Notre monde actuel s’écroule, nous nous trouvons face à un grand vide. Pour Yvan Mudry c’est une peut-être une chance de purifier notre relation à Dieu, de ne plus adorer une idole. « Le désir de Dieu est sans fin, l’élan spirituel nous porte. Un Dieu qui se cache fait de nous des chercheurs de Dieu. »

Yvan Mudry

Né en 1959 dans le Val d’Hérens, Yvan Mudry a fait des études de philosophie et de théologie à Rome et à Fribourg.
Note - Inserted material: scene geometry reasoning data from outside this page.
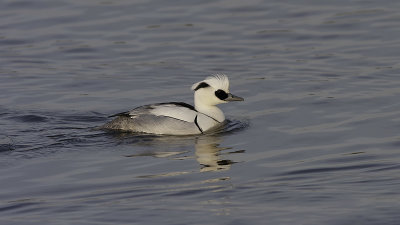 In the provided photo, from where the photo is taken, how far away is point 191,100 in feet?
57.2

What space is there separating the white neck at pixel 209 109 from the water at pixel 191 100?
A: 0.38 metres

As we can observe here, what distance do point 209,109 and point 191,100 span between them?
4.56 feet

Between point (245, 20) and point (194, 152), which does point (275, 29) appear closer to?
point (245, 20)

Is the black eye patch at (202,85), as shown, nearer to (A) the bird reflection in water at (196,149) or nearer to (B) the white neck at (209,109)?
(B) the white neck at (209,109)

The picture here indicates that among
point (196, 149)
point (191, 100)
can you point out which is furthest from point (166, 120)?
point (191, 100)

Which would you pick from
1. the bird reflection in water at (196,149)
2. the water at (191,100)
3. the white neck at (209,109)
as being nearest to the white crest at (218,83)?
the white neck at (209,109)

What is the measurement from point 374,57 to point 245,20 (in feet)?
13.5

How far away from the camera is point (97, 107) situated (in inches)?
653

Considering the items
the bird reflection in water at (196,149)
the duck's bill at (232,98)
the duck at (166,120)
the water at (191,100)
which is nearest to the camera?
the water at (191,100)

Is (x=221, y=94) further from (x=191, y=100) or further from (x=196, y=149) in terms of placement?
(x=196, y=149)

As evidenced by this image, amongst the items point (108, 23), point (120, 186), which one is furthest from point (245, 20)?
point (120, 186)

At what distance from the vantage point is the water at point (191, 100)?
35.9ft

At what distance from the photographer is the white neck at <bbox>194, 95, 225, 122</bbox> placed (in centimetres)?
1585

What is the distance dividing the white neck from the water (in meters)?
0.38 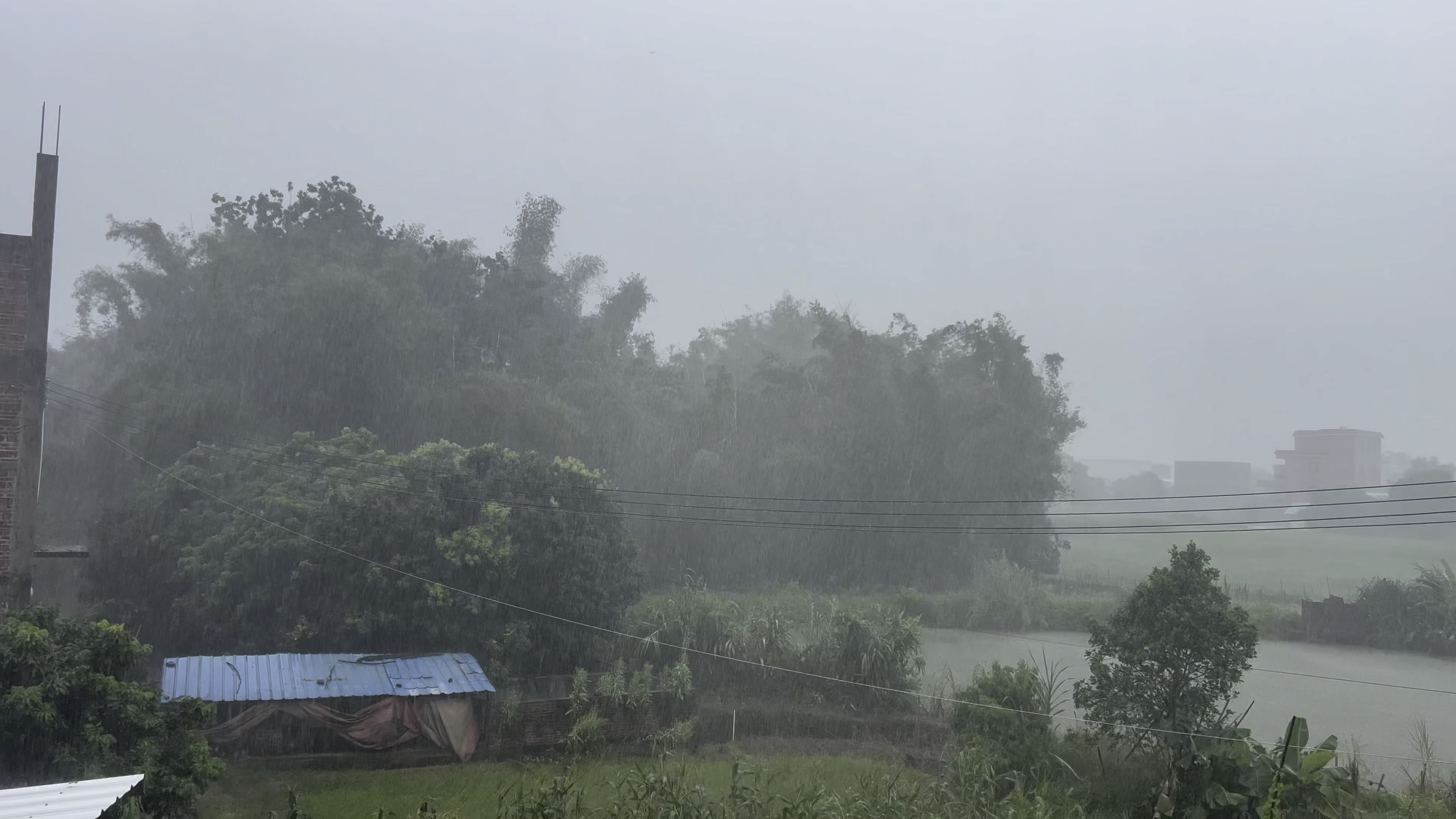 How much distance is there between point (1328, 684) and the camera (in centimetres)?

De 1988 à 1996, il a été journaliste aux émissions religieuses de la Radio Suisse Romande, à La Liberté, au Bureau de reportage et de recherche d’informations (BRRI), à l’AGEFI et au Journal de Genève. Il a travaillé ensuite à l’Office fédéral des assurances sociales, à Berne, et publié des articles dans les revues Sources, Choisir, Nova et Vetera ainsi que des chroniques dans l’Echo Magazine.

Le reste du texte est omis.